▸ WORK TASK
Reproduction of part of the material below, pictures omitted: copy exactly, and only, the lines starting with the one with "Welcome back lovelies, I" and going on through the one with "Bodice B can".

BEGIN

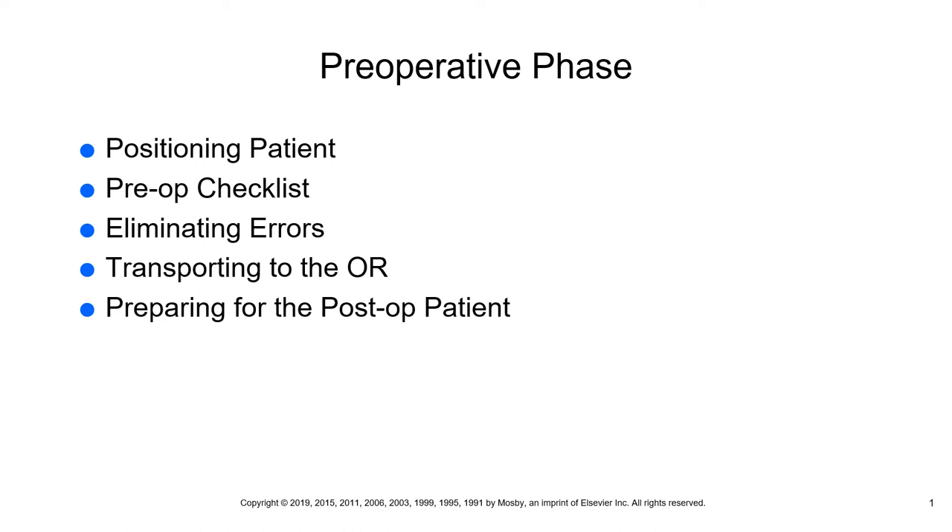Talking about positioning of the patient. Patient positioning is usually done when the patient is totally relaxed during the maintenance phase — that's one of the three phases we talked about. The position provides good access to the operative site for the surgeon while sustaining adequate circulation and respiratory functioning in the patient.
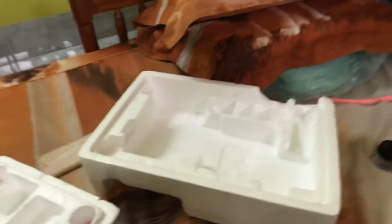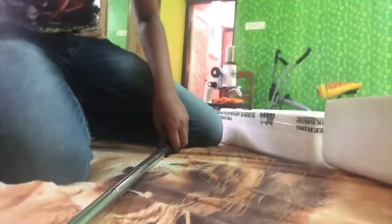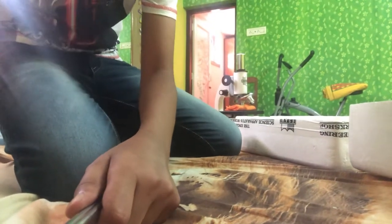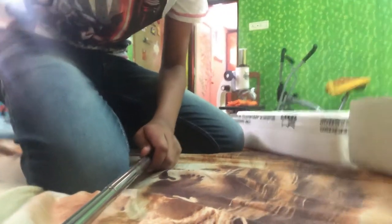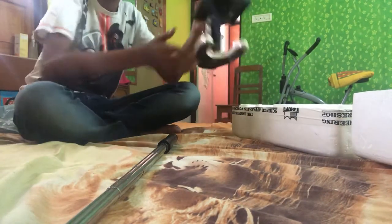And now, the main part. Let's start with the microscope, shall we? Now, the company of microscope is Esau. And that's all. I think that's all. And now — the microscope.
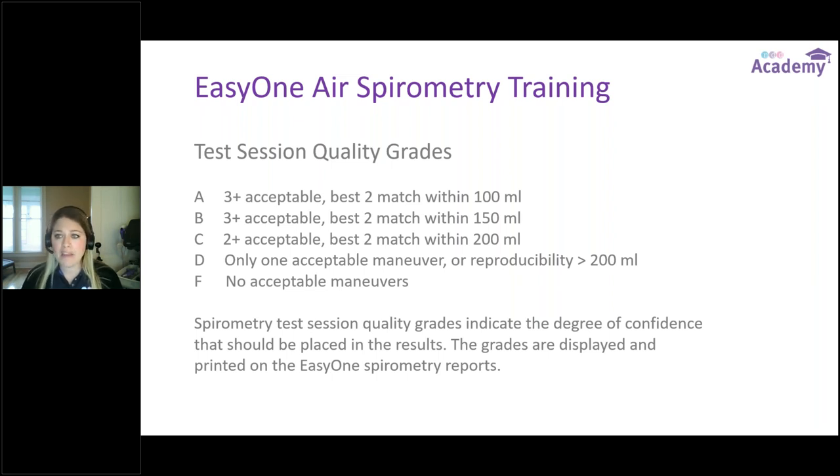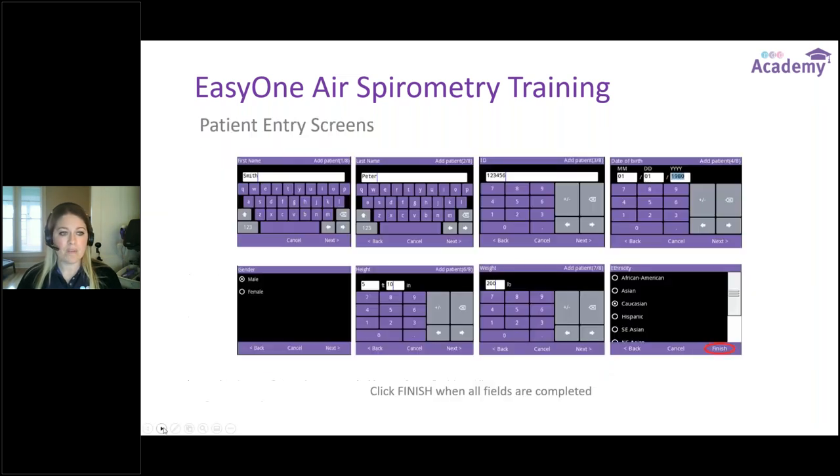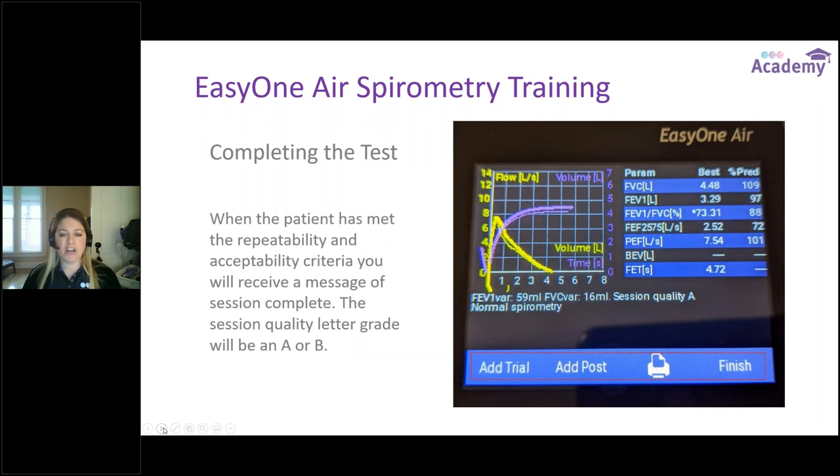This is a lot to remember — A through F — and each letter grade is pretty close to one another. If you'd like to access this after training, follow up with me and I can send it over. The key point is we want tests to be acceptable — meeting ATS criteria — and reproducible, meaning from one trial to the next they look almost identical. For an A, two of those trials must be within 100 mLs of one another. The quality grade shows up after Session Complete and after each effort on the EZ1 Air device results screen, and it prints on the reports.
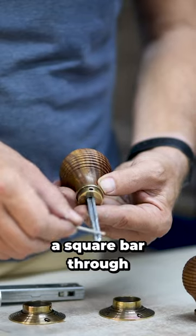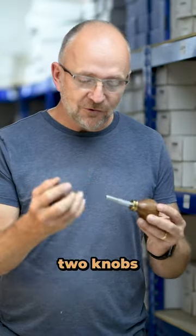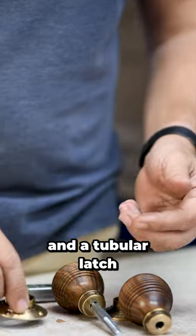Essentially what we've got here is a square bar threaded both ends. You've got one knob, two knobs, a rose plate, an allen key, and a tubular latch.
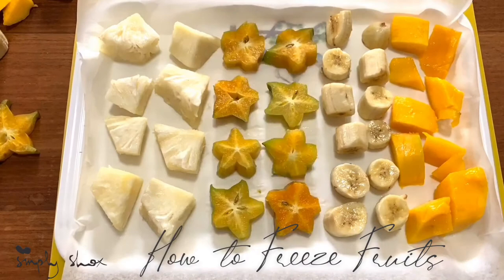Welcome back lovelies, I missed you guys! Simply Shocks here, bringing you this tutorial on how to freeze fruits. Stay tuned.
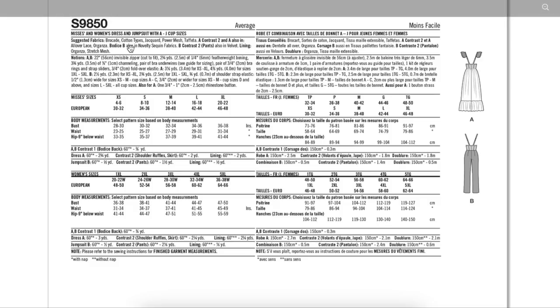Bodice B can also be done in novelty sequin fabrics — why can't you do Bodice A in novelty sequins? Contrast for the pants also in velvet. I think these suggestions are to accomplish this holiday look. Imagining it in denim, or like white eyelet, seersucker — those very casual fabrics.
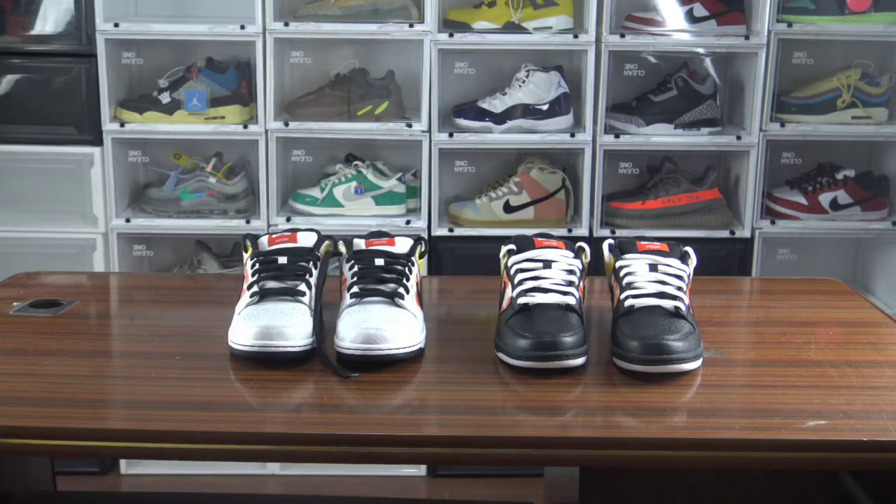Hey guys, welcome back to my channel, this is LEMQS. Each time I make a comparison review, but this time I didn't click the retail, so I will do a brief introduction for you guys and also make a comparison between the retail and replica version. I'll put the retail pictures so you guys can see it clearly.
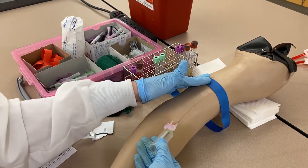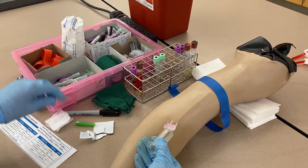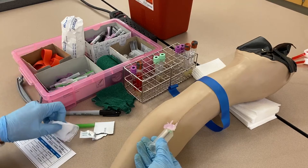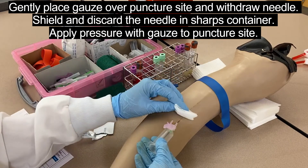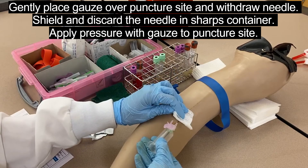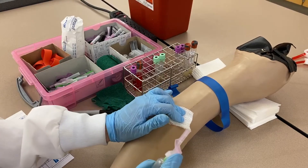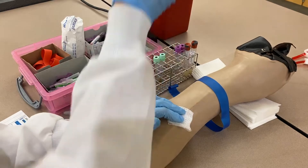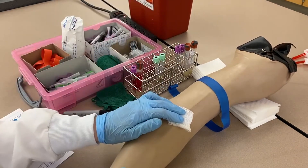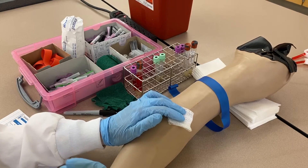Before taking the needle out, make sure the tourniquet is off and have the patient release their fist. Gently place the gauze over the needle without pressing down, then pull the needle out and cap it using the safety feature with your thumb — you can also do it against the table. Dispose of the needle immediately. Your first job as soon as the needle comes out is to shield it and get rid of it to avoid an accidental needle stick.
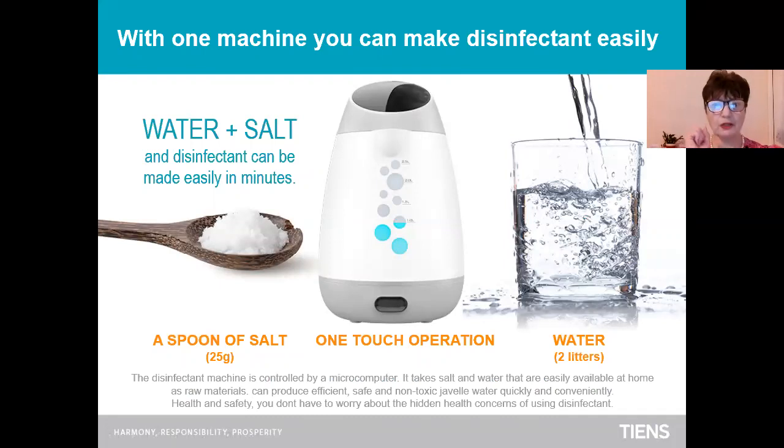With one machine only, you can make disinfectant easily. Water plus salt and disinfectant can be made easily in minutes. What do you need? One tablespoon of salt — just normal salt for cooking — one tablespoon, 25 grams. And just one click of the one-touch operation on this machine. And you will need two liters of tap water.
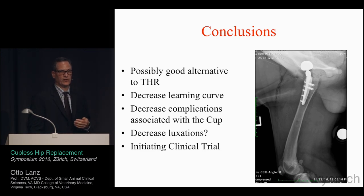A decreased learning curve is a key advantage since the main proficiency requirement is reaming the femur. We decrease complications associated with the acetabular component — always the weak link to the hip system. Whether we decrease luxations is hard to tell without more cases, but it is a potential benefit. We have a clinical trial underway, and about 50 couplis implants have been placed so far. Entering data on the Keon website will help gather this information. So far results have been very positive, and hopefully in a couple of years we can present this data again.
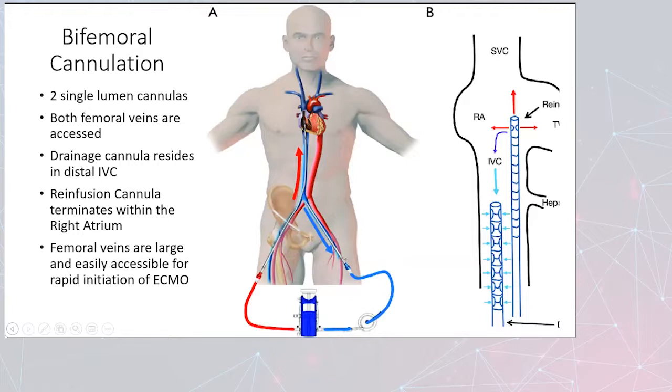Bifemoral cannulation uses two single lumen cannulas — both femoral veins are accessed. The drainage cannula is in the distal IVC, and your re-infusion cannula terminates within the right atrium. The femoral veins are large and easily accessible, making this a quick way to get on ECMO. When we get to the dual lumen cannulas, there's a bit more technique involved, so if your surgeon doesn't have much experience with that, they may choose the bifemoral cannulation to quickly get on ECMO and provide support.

END

▸ SOLUTION TO THIS EXERCISE
Welcome back lovelies, I missed you guys! Simply Shocks here, bringing you this tutorial on how to freeze fruits. Stay tuned.
Bodice B can also be done in novelty sequin fabrics — why can't you do Bodice A in novelty sequins? Contrast for the pants also in velvet. I think these suggestions are to accomplish this holiday look. Imagining it in denim, or like white eyelet, seersucker — those very casual fabrics.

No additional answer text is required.